Joining ordered set of points with splines in spiral

Question

I have a collection of points

{{-0.137445, -0.0103507}, {-0.0452845, 0.0343154}, {0.30498, -0.0118266}, {-0.0224633, 0.0197979},
 {-0.168469, -0.0197066}, {0.0973217, 0.0478612}, {-0.0441388, 0.0360607}, {0.185982, -0.0679699},
 {0.0185057, 0.0245944}, {-0.129016, 0.0581276}, {0.0759223, -0.0514376}, {0.123763, 0.0743706}, 
 {-0.0324282, 0.0267871}, {-0.107764, -0.100215}, {0.0885256, 0.0232463}, {-0.0353817, 0.110461}, 
 {-0.111862, -0.00308756}, {0.267131, -0.0401582}, {0.0665588, 0.0494041}, {-0.103328, 0.0535261},
 {-0.107966, -0.105811}, {0.112237, 0.0221174}, {0.0250018, 0.153274}, {-0.0569079, 0.0282354}, 
 {0.0635016, -0.142617}, {0.146519, 0.027247}, {-0.0235671, 0.0778935}, {-0.167359, 0.0314445}, 
 {0.0472315, -0.0944644}, {0.166657, 0.0808811}, {0.0127167, 0.126777}, {-0.0896872, 0.00085879}, 
 {0.0468778, -0.181101}, {0.0641557, 0.00642259}, {-0.00698507, 0.172202}, {-0.112879, 0.0671148}, 
 {-0.00809596, -0.12273}, {0.211062, 0.0186191}, {0.0619741, 0.117436}, {-0.0725547, 0.0468807}, 
 {-0.129253, -0.139777}, {0.124918, -0.0620453}, {0.0761669, 0.129845}, {-0.0510648, 0.1879}, 
 {-0.063928, -0.0156006}, {0.133047, -0.178149}, {0.140128, 0.0330165}, {0.00229768, 0.129346}, 
 {-0.122887, 0.0639973}, {-0.079265, -0.156894}}

that look like this

They are ordered in some sort of spiral, and I would like to join them with splines as shown below

The points are ordered clockwise (starting from 50 going backwards), and I would like the piecewise curves to be joined as smoothly as possible (doing another circuit if necessary before joining to the next point). How would I go about doing this?

Update

@kguler's answer is great, but doesn't join all of the points:

Is there a way to ensure the spline passes through each point?

Answer 1

The built-in functionality can do this directly:

{xs, ys} = Transpose[points];
xinterp = Interpolation[xs, Method -> "Spline"];
yinterp = Interpolation[ys, Method -> "Spline"];
ParametricPlot[{xinterp[t], yinterp[t]}, {t, 1, Length@points}, Epilog -> Point /@ points]

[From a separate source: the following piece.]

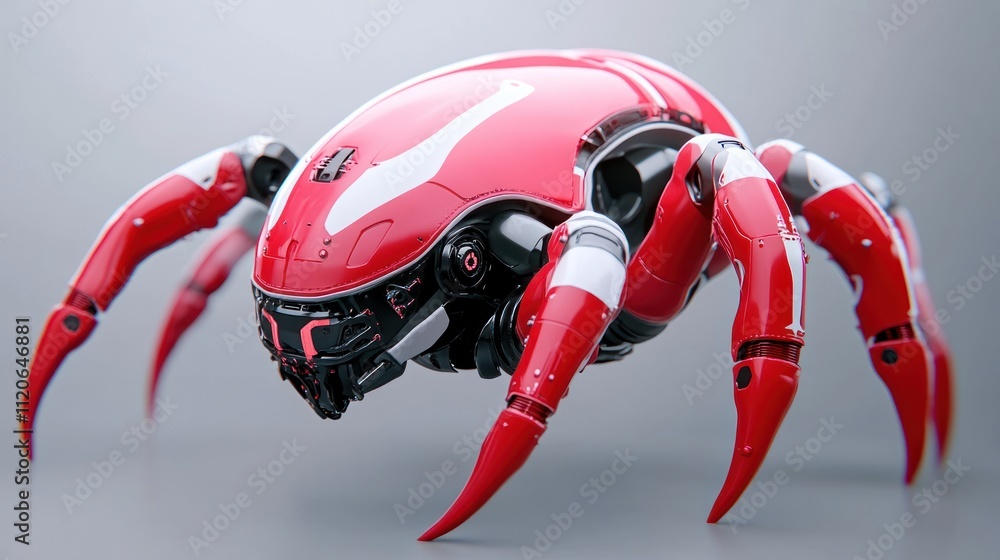 Poster a futuristic robotic spider with sleek design and mechanical features.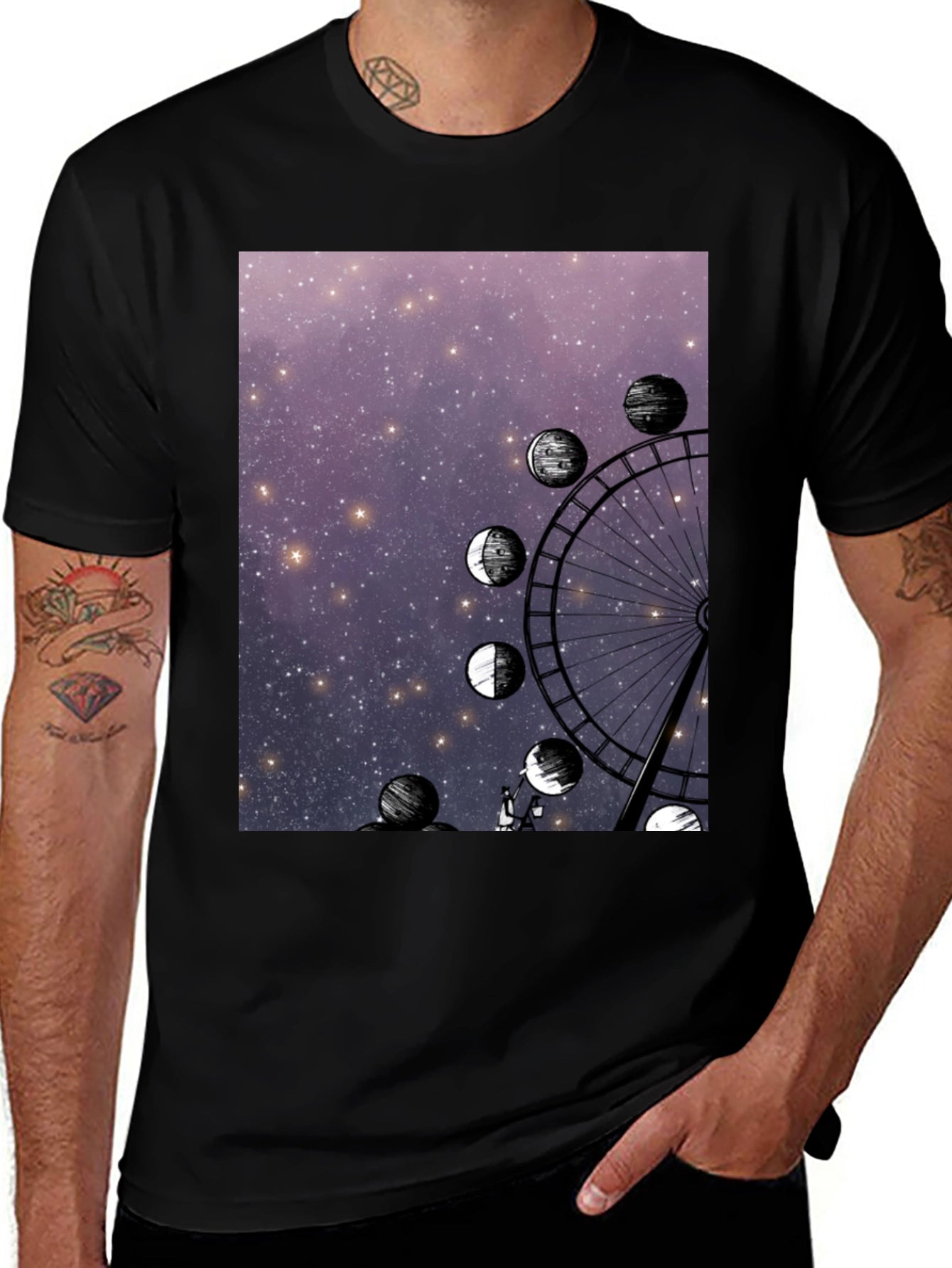 Ferris Wheel & Moon Phases Graphic Tee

Without the "Spline" method, the interpolating functions are not always differentiable, which creates corners in the plot. The "Spline" method gives a differentiable function (actually twice-differentiable, since the default InterpolationOrder is 3). More information here: How does Interpolation really work?

Answer 2

I appreciate kguler's elegant solution, but it doesn't join the points. To be more precise, it joins only every third point because Bezier line additionally takes 2 anchor points for each point. There are different methods to obtain these points. The simplest one is the following (pictures taken here)

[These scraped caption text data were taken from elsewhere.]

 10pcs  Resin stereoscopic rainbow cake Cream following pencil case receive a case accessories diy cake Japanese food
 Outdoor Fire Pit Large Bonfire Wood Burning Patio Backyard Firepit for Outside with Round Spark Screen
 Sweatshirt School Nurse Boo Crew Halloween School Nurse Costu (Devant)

In Mathematica it looks like the following code (for an open path)

pts = {{0, 0}, {1, 1}, {2, 0}, {5, 1}, {6, 0}, {7, 1}};

dist = Norm /@ Differences[pts];
k = 0.5;
coeff = Rest[dist]/(Most[dist] + Rest[dist]);
diff = Differences[pts, 1, 2];
a1 = pts - Join[{{0, 0}}, k (1 - coeff) diff, {{0, 0}}];
a2 = pts + Join[{{0, 0}}, k coeff diff , {{0, 0}}];
bezier = BezierCurve@Flatten[{a1, pts, a2}, {{2, 1}}][[2 ;; -2]];

Graphics[{Darker[Green], Line[pts], Red, Line@Transpose[{a1, a2}], 
  Black, PointSize[0.01], Point[pts], Red, Point@Join[a1, a2], Blue, 
  Thick, bezier}, ImageSize -> 700]

For OP's points:

Graphics[{PointSize[0.01], Point[pts], Blue, Thick, bezier}, ImageSize -> 700]

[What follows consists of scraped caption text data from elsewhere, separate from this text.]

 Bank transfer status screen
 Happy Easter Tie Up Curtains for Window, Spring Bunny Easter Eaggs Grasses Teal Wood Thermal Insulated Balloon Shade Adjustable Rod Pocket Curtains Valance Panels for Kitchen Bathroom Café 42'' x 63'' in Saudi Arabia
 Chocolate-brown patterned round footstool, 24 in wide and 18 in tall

You can tune the coefficient k to change sharpness of corners.

Answer 3

llp = ListLinePlot[points, ImageSize -> 500];
llp2 = llp /. Line[x___] :> BSplineCurve[x, SplineDegree -> 2];
Row[{llp, llp2}]

where

points = {{-0.137445, -0.0103507}, {-0.0452845,  0.0343154}, {0.30498, -0.0118266}, 
          {-0.0224633, 0.0197979}, {-0.168469, -0.0197066}, {0.0973217, 0.0478612}, 
          {-0.0441388, 0.0360607}, {0.185982, -0.0679699}, {0.0185057,  0.0245944}, 
          {-0.129016,  0.0581276}, {0.0759223, -0.0514376}, {0.123763,  0.0743706},
          {-0.0324282, 0.0267871}, {-0.107764, -0.100215}, {0.0885256,  0.0232463},
          {-0.0353817, 0.110461}, {-0.111862, -0.00308756}, {0.267131, -0.0401582},
          {0.0665588, 0.0494041}, {-0.103328,  0.0535261}, {-0.107966, -0.105811}, 
          {0.112237,  0.0221174}, {0.0250018, 0.153274}, {-0.0569079,  0.0282354}, 
          {0.0635016, -0.142617}, {0.146519,  0.027247}, {-0.0235671, 0.0778935}, 
          {-0.167359,  0.0314445}, {0.0472315, -0.0944644}, {0.166657, 0.0808811}, 
          {0.0127167, 0.126777}, {-0.0896872,  0.00085879}, {0.0468778, -0.181101},
          {0.0641557, 0.00642259}, {-0.00698507, 0.172202}, {-0.112879, 0.0671148},
          {-0.00809596, -0.12273}, {0.211062, 0.0186191}, {0.0619741, 0.117436}, 
          {-0.0725547,  0.0468807}, {-0.129253, -0.139777}, {0.124918, -0.0620453},
          {0.0761669, 0.129845}, {-0.0510648, 0.1879}, {-0.063928, -0.0156006}, 
          {0.133047, -0.178149}, {0.140128, 0.0330165}, {0.00229768, 0.129346}, 
          {-0.122887, 0.0639973}, {-0.079265, -0.156894}};

Answer 4

As an alternative, one can use J.M.'s nice implementation of a spline with centripetal parametrization which gives (IMO) a "natural" and undisturbed curve.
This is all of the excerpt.